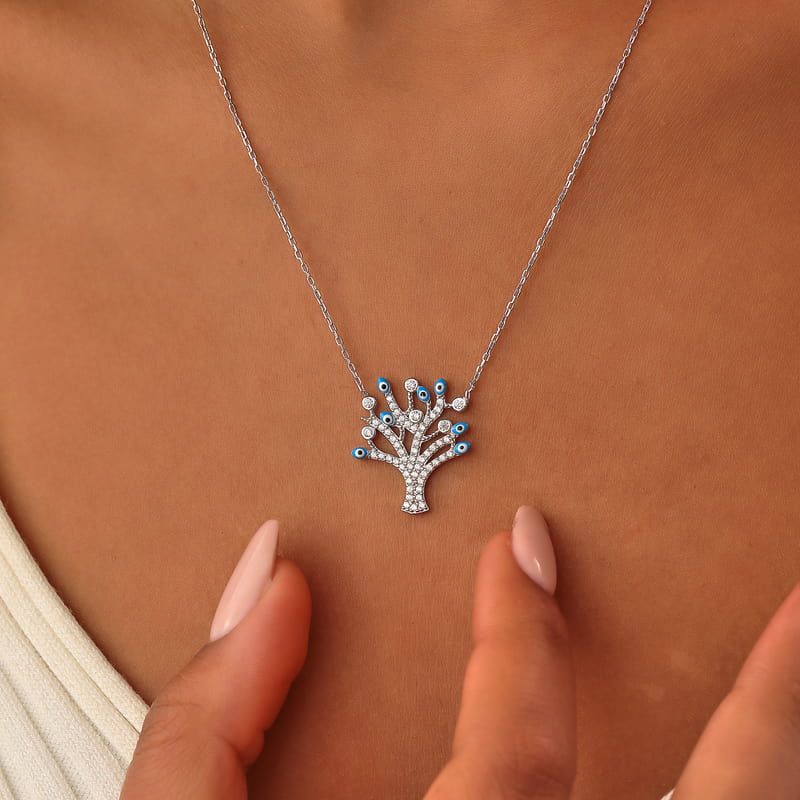 Yaşam Ağacı Nazar Boncuklu Gümüş Kolye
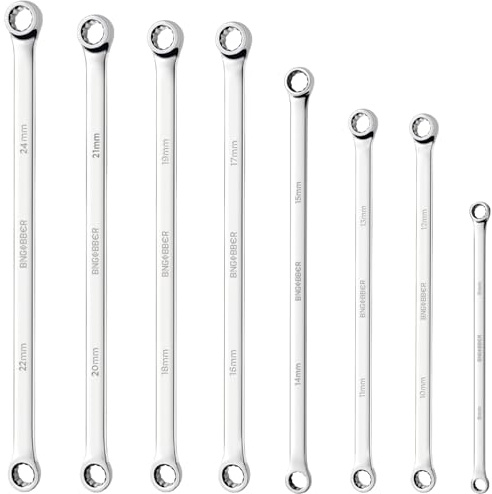 BINGCOBBER Set di chiavi ad anello doppie, 8 pezzi, extra lunghe, in acciaio CV 8 mm - 24 mm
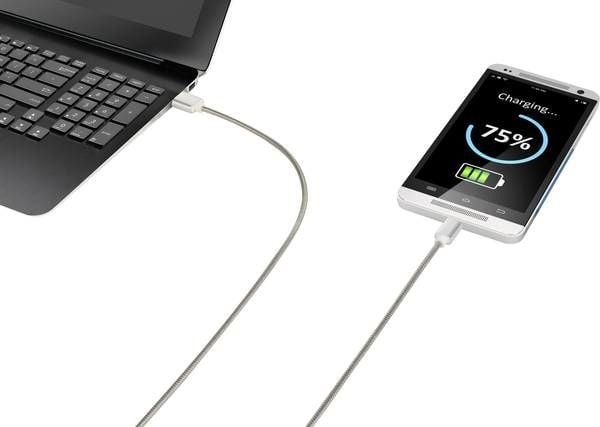 Renkforce RF-4888671, 1 m, USB A, USB C, USB 2.0, 0,48 Gbit/sek, rustfritt stål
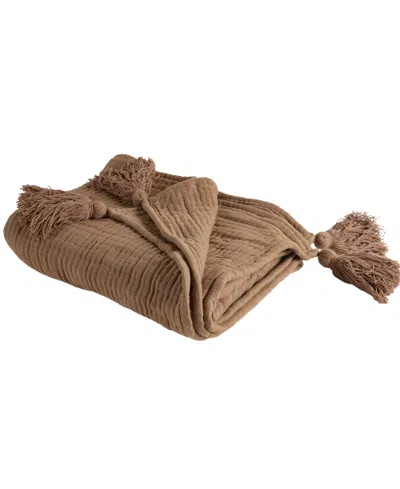 Rizzy Home Dora Cotton Throw, 50" X 60" In Brown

====

**WORK REQUIRED**
Write the data out again word for word; leave the pictures behind.

**ANSWER FOR THE TASK**
 Yaşam Ağacı Nazar Boncuklu Gümüş Kolye
 BINGCOBBER Set di chiavi ad anello doppie, 8 pezzi, extra lunghe, in acciaio CV 8 mm - 24 mm
 Renkforce RF-4888671, 1 m, USB A, USB C, USB 2.0, 0,48 Gbit/sek, rustfritt stål
 Rizzy Home Dora Cotton Throw, 50" X 60" In Brown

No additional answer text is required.